Thursday, January 16, 2014

Bits and pieces

I saw this love letter to Lee Eung-tae, written by his wife upon his death in 1582, awhile ago, but since I saw it again the other day I'll link to it here.

As noted at Korean Literature in Translation, the Literature Translation Institute of Korea has made available translations of 20 stories from 20th century Korean literature. I'm looking forward to reading the stories by Yi Sang and Chae Man-sik

Over at the Korea Times, Robert Neff celebrates the 84th birthday of Fred Dustin, who has lived in Korea since 1955, by looking back at his life and times. I especially found the story of the Koryo Club ("a group of Koreans and foreigners with an interest in Korea and its culture") interesting.

With almost 15,000 views over almost three years, my post about black face in Korea is the most popular post I've ever written, and appears to have been - at least in part - the basis of Korea's inclusion on this list (the photo in that article is most certainly from that post). On a similar topic is this list of Kpop's 'most racist moments of 2013.'

Speaking of racism, Sam Hammington spoke out briefly about racism he has faced in Korea, as noted in this post which translated the top-rated comments upon the article.

A high-tech cheater gets caught.

And this article about the Park Geun-hye government's moves to control the content of history textbooks deserves more attention than I can give it right now, but is well worth reading.


King Baeksu said...

"History Sinks into Politics"

This just shows how shallow and naive -- or more likely, disingenuous -- The Korea Times' thinking is here. All history is political, and how could it not be? The problem with progressives and liberals in South Korea is that they somehow seem to think that their own particular interpretation of history is value-free, neutral and "universally true," when in fact it's just as biased as historical narratives produced by so-called New Rightists.

In other words, how can we expect an honest accounting of history from those who are so fundamentally dishonest about the historical enterprise themselves?

"History is more than just a simple process of remembering. The essence of it is finding an organic relation between the present and the past — debating and understanding why things happened the way they did, how they related with other events, and how they influenced and shaped the conditions we now live in. The past is indestructible because it’s not re-livable, and thus, subject to endless possibilities in interpretation.

"It’s not about narrowing the answers. It’s about increasing the questions. Marching students through a succession of facts toward a predetermined outcome would be entirely missing the point.
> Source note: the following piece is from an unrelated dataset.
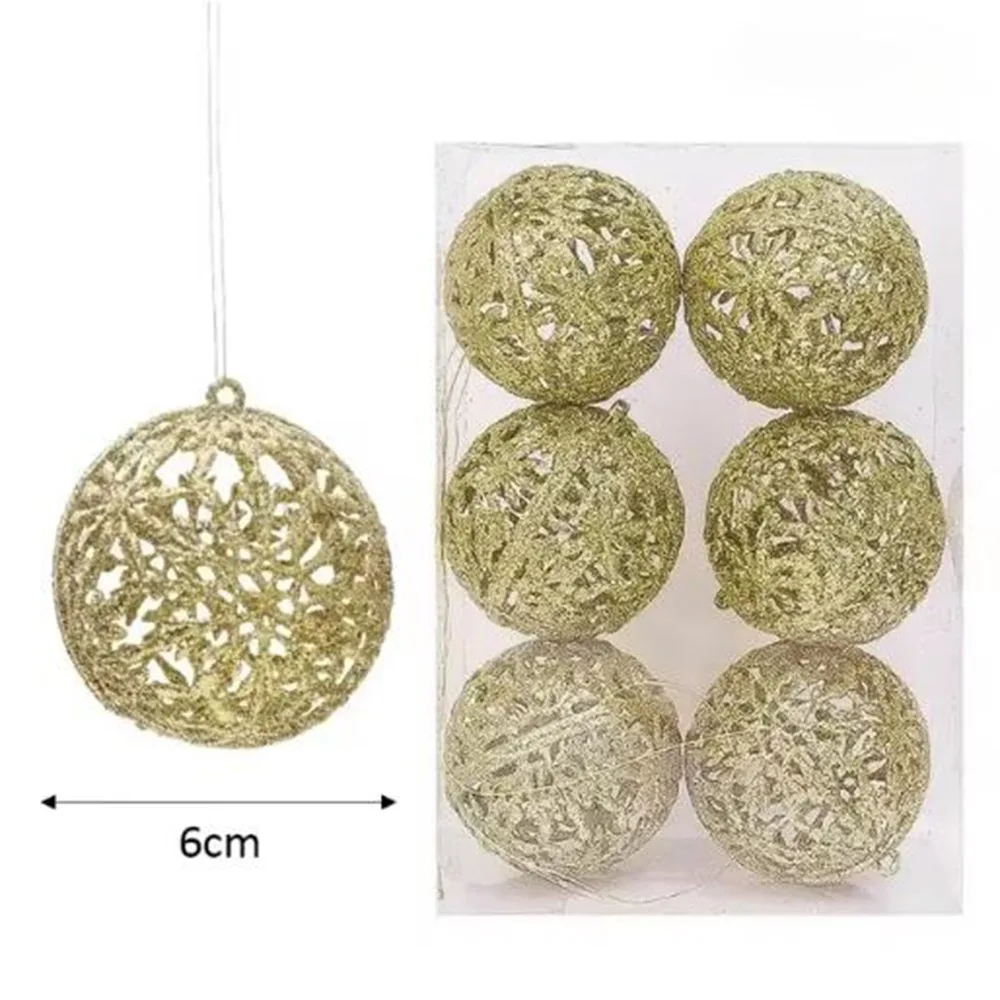 thumbnail image 1 of 6 bolas de plástico doradas con purpurina para adornos navideños de 6 cm, colgantes rojos para decoración de árbol de Navidad, fiestas, 1 of 5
And that’s what Korea seems to be in danger of doing."

The target here seems to be New Right historians and the Park government, but what the writer is really talking about in this passage is Korea's test-based system of education, which runs directly counter to a culture of classroom debate and discussion. Korea's is a "teach-to-the-test" model of the pedagogical enterprise, which by its very nature allows no room for ambiguity or shades of gray.

More disingenuous claptrap from the "progressive" Korea Times, in other words. How can such a silly and unserious newspaper presume to lecture others about such a serious matter? Laughable!

King Baeksu said...

According to a recent poll, 73% of South Koreans today identify as center-right politically:


Meanwhile, just 24% of South Koreans described themselves as liberal in the same poll.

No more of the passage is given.